八章一節 - 黒羽領主の呼出
中州の姫君が「不調を訴えた」四日後――。
中州と黒羽の主要な文官同士で行われていた会議が終わった。
必要な情報を交換し尽くし、今後の対応も決まったと言う。
あさってに黒羽嶺分城の月見宴が迫っていたが、それを待たずに次の目的地――風見の薫町へ向かう予定だ。
黒羽領主の烏羽黄葉は引き留めようとしたが、中州の代表を務める漏日大臣がはっきりと遠慮申し上げた。
その代りなのか、旅立ちの前夜、与羽だけが黒羽領主に呼ばれた。
夜と言っても、風を通すために開け放たれた戸からはまだわずかに赤みの残る空が見える。宵時だ。明日からの移動を考慮して早い時間に呼んでくれたらしい。
「黒羽嶺分城に滞在の間、与羽姫殿下には、不快な思いをさせることがあった。その点は個人的にお詫び申し上げる」
しばらく当たり障りない話をしたあと、烏羽黄葉がそう口にした。
「いえ、……些細なことです」
全く気にしていないとはさすがに言えなかったが、与羽は穏やかにほほえんで首を横に振った。
今では、少し敏感すぎたと反省する部分もある。慣れない環境であったせいもあるだろうが、姫として城主代理として、そうやって環境に左右されるのはあまり好ましくないだろう。
「それなら良いのですがな……」
黄葉は鋭さの感じられる目で与羽を見据えた。
「殿下の影響力は予想以上に大きいようですからの、もう少し注意された方がよろしかろう。いやはや。大切にされているのはいいことですが、大切にされすぎるのは危険ですぞ」
「…………」
話の風向きが変わったのを察して、与羽は無言で自分より三回りほど年上の黒羽領主を見た。表情はおだやかな笑みを保って。
「これは一国を背負ってきた老人のたわごとと思ってくれて構わないが――」
黒羽領主――黄葉はそう前置きをして、ゆっくりと話しはじめた。
彼を老人と呼ばうにはまだ若い気がしたが、低めたしわがれ声には、驚くほど老成した貫録がある。

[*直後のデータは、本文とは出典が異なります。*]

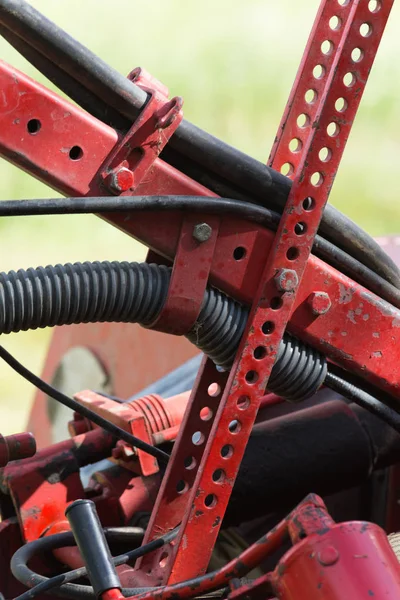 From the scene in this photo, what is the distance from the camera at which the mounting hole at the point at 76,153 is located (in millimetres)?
1479

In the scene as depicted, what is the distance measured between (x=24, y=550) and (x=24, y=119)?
739mm

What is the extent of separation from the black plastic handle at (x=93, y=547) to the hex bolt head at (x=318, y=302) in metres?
0.49

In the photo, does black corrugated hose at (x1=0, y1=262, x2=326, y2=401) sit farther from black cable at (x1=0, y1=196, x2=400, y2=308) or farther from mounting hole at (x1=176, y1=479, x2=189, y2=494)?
mounting hole at (x1=176, y1=479, x2=189, y2=494)

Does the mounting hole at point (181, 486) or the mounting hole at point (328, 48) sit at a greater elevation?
the mounting hole at point (328, 48)

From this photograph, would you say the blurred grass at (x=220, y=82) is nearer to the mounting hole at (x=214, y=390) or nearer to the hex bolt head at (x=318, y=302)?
the mounting hole at (x=214, y=390)

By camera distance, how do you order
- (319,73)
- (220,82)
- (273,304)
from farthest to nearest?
1. (220,82)
2. (319,73)
3. (273,304)

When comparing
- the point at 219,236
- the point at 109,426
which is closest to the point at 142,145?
the point at 219,236

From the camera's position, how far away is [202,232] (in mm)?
1569

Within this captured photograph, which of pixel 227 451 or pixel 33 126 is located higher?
pixel 33 126

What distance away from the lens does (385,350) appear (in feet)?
5.83

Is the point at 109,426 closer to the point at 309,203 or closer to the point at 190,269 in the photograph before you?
the point at 190,269

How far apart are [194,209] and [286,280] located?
7.6 inches

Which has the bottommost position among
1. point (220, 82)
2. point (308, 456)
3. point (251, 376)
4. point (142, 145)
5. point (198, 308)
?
point (308, 456)

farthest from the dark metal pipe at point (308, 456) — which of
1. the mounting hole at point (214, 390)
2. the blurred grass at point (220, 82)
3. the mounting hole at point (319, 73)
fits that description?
the blurred grass at point (220, 82) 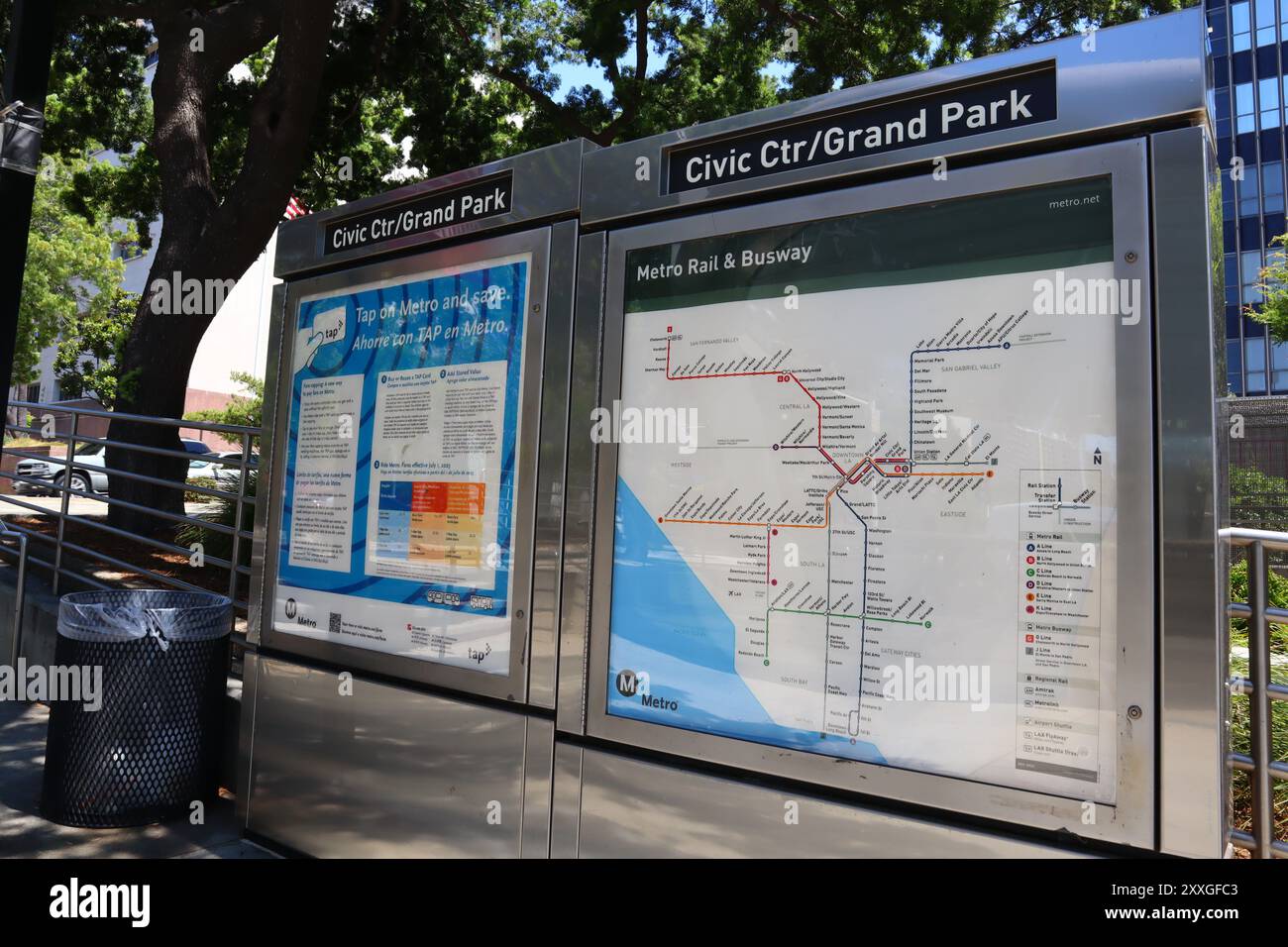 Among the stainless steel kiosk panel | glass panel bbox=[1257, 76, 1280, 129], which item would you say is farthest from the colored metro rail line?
glass panel bbox=[1257, 76, 1280, 129]

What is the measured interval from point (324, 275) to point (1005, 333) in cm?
298

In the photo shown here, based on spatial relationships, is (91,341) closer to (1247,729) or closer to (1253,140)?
(1247,729)

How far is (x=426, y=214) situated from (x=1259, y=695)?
327 centimetres

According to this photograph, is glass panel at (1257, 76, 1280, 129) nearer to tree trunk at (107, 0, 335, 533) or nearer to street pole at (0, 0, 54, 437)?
tree trunk at (107, 0, 335, 533)

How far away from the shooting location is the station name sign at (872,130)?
2.32m

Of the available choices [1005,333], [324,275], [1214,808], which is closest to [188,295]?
[324,275]

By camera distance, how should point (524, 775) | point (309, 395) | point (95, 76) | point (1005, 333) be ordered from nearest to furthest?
1. point (1005, 333)
2. point (524, 775)
3. point (309, 395)
4. point (95, 76)

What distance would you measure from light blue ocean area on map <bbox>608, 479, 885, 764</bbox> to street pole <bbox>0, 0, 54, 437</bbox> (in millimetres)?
3271

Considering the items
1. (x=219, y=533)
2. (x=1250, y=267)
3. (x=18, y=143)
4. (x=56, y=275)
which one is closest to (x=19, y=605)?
(x=219, y=533)

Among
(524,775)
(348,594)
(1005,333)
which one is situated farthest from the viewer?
(348,594)

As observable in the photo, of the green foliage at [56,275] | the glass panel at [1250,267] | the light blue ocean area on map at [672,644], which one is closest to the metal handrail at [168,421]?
the light blue ocean area on map at [672,644]

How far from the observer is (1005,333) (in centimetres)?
228

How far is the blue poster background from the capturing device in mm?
3227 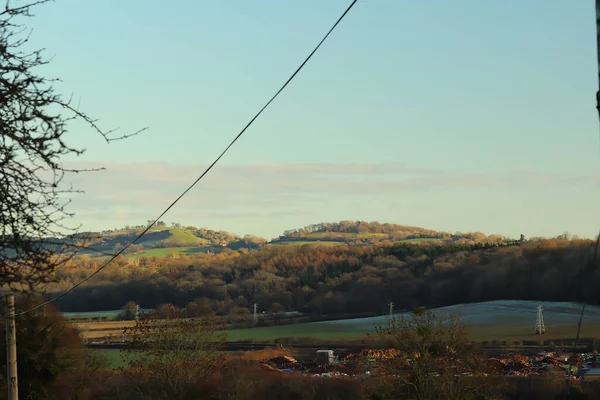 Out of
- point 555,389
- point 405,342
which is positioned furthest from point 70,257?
point 555,389

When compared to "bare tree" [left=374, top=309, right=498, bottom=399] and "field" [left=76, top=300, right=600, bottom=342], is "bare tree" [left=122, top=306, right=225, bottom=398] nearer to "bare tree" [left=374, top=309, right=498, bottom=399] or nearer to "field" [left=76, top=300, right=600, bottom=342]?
"bare tree" [left=374, top=309, right=498, bottom=399]

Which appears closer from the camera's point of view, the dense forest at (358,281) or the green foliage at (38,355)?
the green foliage at (38,355)

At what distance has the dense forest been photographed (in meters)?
152

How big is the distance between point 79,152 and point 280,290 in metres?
167

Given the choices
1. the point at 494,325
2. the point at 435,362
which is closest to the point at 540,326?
the point at 494,325

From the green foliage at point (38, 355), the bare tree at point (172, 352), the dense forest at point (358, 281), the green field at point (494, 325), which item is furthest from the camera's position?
the dense forest at point (358, 281)

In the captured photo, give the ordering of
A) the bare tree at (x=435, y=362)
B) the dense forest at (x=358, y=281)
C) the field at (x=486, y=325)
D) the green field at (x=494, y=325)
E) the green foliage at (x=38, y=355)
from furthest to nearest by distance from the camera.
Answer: the dense forest at (x=358, y=281)
the field at (x=486, y=325)
the green field at (x=494, y=325)
the bare tree at (x=435, y=362)
the green foliage at (x=38, y=355)

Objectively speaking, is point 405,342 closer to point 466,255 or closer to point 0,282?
point 0,282

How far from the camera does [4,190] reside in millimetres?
6430

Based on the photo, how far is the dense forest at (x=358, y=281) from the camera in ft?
499

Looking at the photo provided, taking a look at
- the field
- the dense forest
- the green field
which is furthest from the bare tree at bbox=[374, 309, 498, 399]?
the dense forest

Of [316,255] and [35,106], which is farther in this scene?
[316,255]

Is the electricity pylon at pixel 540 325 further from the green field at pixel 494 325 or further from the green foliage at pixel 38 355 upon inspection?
the green foliage at pixel 38 355

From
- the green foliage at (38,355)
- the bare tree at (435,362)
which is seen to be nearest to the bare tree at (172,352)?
the green foliage at (38,355) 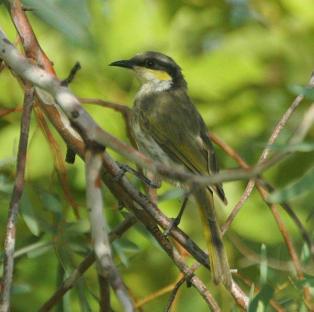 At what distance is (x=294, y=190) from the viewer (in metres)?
1.85

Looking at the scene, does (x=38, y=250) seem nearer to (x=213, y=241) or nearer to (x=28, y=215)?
(x=28, y=215)

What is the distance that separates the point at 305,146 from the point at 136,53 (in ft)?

「危険だと思わぬのか? 中州の姫君よ。ぬしは国では自由奔放にふるまっているそうだな。実際は賢く、教養と節度のある姫であることは、今のぬしを見ればわかる。無知ならばまだよかった。うちにもいるが、領主一族ならごくつぶしを養う位の経済力はある。賢くてもおとなしく従順だったならば、わたしもこんなことを言おうとは思わなかったかもしれない」
彼の言葉に与羽は内心で眉をひそめた。どうもにこやかな話ではなさそうだ。
「しかし、実際の中州与羽という人物は、賢く活力にあふれていた」
「素直に男勝りと言ってくださって構いませんよ」
与羽はほほえみを困った笑みに変えて言った。これが気の知れた相手との会話なら毒のこもった言葉を吐きつけるが、今はこの程度が許されるギリギリの範囲だろう。
「そうだな。男勝りではある。十分に城主としての仕事をこなせそうなほどにな」
与羽がわずかに目を細めた。
「その顔は、察したか?」
そして領主はその表情の変化を見逃さなかった。
「そうだ。中州の筆頭文官家の次期頭首がぬしに付き、他にもぬしを城主以上に大事に思うものは少なくないらしいな」
「私は城主である兄を尊敬しています。兄妹げんかをすることはあっても、城主に反旗を翻すことはあり得ません」
与羽は再び穏やかな笑みを浮かべ直して、きっぱりと言った。
黒羽領主が危惧しているのは、自由奔放な与羽の行動が、中州を悪い方向へ導いてしまうこと。そして、中州と言う国が与羽派と城主派に分かれて、対立してしまうことだ。